Salve also pushed for revealing names of the tainted cricketers and want SC to make the full Mudgal report public.
SC said that Srinivasan's son-in-law Gurunath Meiyappan's role in IPL betting and spot-fixing scandal seemed like "insider trading" and agreed to hear a plea for making public the names of cricketers, who were mentioned in the Justice Mudgal Committee report.
"If Meiyappan was leaking information and someone else was putting bet then it is like insider trading," a bench of justices T S Thakur and F M I Kalifulla said when it was submitted that Srinivasan's son-in-law was a part of Chennai Super Kings(CSK) and was always with team members at all functions whether it was dug-out or making team strategy.
Bench of justices T S Thakur and F M I Kalifulla also raised questions on why the second report of Mudgal Commiittee was silent on the alleged cover up of Meiyappan by the CSK owner India Cements and Srinivasan which was stated in its first report.
However, no decision has been taken on N Srinivasan as yet.
The hearing has been adjourned till November 27th.
Earlier, on Monday the Supreme Court had lashed at the BCCI, which was a big blow for N Srinivasan's hopes of being reinstated as the BCCI chief. The apex court had asked the ICC boss to come clean on the issue of conflict of interest of being board president and Chennai Super Kings owner simultaneously.
The SC had said that the cash-rich tournament was a mutual beneficial society between BCCI and IPL.
Making some stringent observations over the report submitted by the Mudgal panel, the Supreme Court had told BCCI that the common man's trust has been shaken and it's time to uphold the glory of the game.
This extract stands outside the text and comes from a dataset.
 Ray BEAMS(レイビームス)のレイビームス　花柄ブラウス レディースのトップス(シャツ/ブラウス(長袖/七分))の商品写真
The SC had asked BCCI how members who are financially viable had gone on to become team owners in IPL and how that was not a conflict of interest.
The SC had also stated that cricket must be played in its true spirit and should remain a gentleman's game and BCCI allowing things like spot-fixing and betting to happen was killing the game of cricket.
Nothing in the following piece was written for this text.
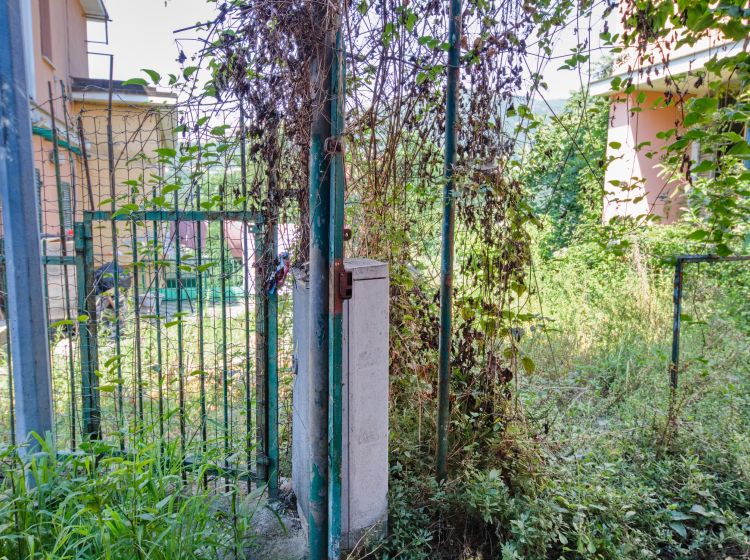 Villa in vendita, via delle Tofane  34, Rivarolo, Genova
During the proceedings, the BCCI had reiterated the fact that N Srinivasan should be reinstated as the chief since there are no charges against him.
Last week, the BCCI had decided to stand behind N Srinivasan and IPL COO Sundar Raman, after an emergency working committee meeting on November 18.
With the SC clearing Srinivasan of betting and match-fixing charges, the latter had sought the apex body to reinstate him as the BCCI president and to allow CSK to play in the IPL.
The Mudgal Committee, which had submitted its report on November 17 had said that Srinivasan, along with four other BCCI officials, was aware of the violation of the Players Code of Conduct by a player mentioned as 'Individual 3' in Mudgal report, but no action was taken by any of them.
The Justice Mukul Mudgal Committee, had also came out with a severe indictment of IPL CEO Sunder Raman who it said knew of a contact of a bookie and had contacted him eight times in one season but did nothing about it.
Earlier, on 14th November, the SC had disclosed seven names that were probed by the Justice Mudgal Committee.
The big names included that of Srinivasan, his son-in-law Gurunath Meiyappan, and Rajasthan Royals' co-owner Raj Kundra. Meiyappan had already been indicted following an incident where a Forensic Science Laboratory in Mumbai confirmed his voice samples in a tapped conversation with another accomplice Vindoo Dara Singh.
Names of three active players were inadvertently mentioned initially. However, the honorable court decided to strike off their names considering the sensitivity of the issue and the possible far reaching implications of this disclosure on their career.